Materials and methods

Thirty-two female premenopausal women newly diagnosed with Graves' disease and 18 euthyroid premenopausal patients with Hashimoto's thyroiditis treated with non-suppressive doses of levothyroxine (Eltroxin®) for a mean of 43 months (range: 0-360) were enrolled consecutively in the present prospective study. Nineteen healthy premenopausal women without thyroid disease or family history of thyroid disease served as age-matched controls. All were examined at the Department of Endocrinology, National University Hospital, Rigshospitalet, Denmark (Table 1).

Table 1 Demographic data of premenopausal female patients with Graves' disease compared to both healthy controls and patients with Hashimoto's thyroiditis on stable levothyroxine replacement.

Thyrotoxicosis was diagnosed by a high (above reference range) total thyroxine (T4) (reference range: 60-140 nmol/l), free thyroxine (fT4) (reference range: 9.1-23.8 pmol/l), total triiodothyronine (T3) (1.5-2.7 nmol/l) and/or free T3 (fT3) (reference range: 2.2-5.4 pmol/l) combined with low thyrotropin (TSH) (below detection limit) (reference range: 0.5-4.2 mU/l).

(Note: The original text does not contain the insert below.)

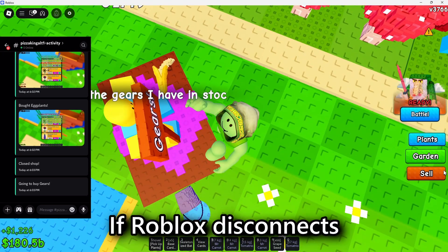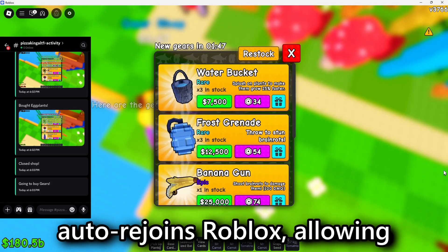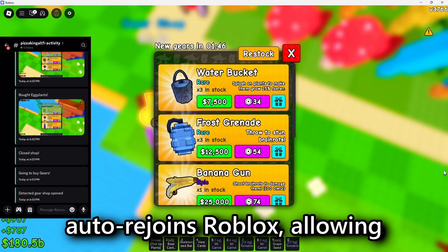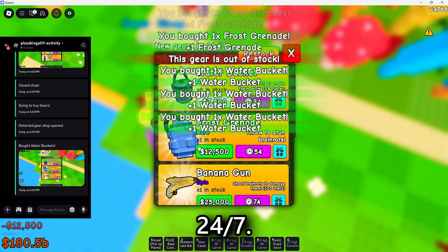If Roblox disconnects overnight, the macro auto-rejoins Roblox, allowing you to AFK macro 24-7.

Five patients with Graves' disease had thyroid associated ophthalmopathy (TAO), one of whom was treated with a short course of prednisolone, 5 got pregnant during the study period (2 gave birth and 3 had an abortion), 14 were smokers and 1 was on birth-control pills. Eight patients with Hashimoto's thyroiditis were smokers and 1 on birth-control pills. In the control group there were 2 smokers and none was taking birth-control pills (Table 1). Neither patients nor controls had other concomitant diseases. The characteristics of the patients and controls are shown in Table 1.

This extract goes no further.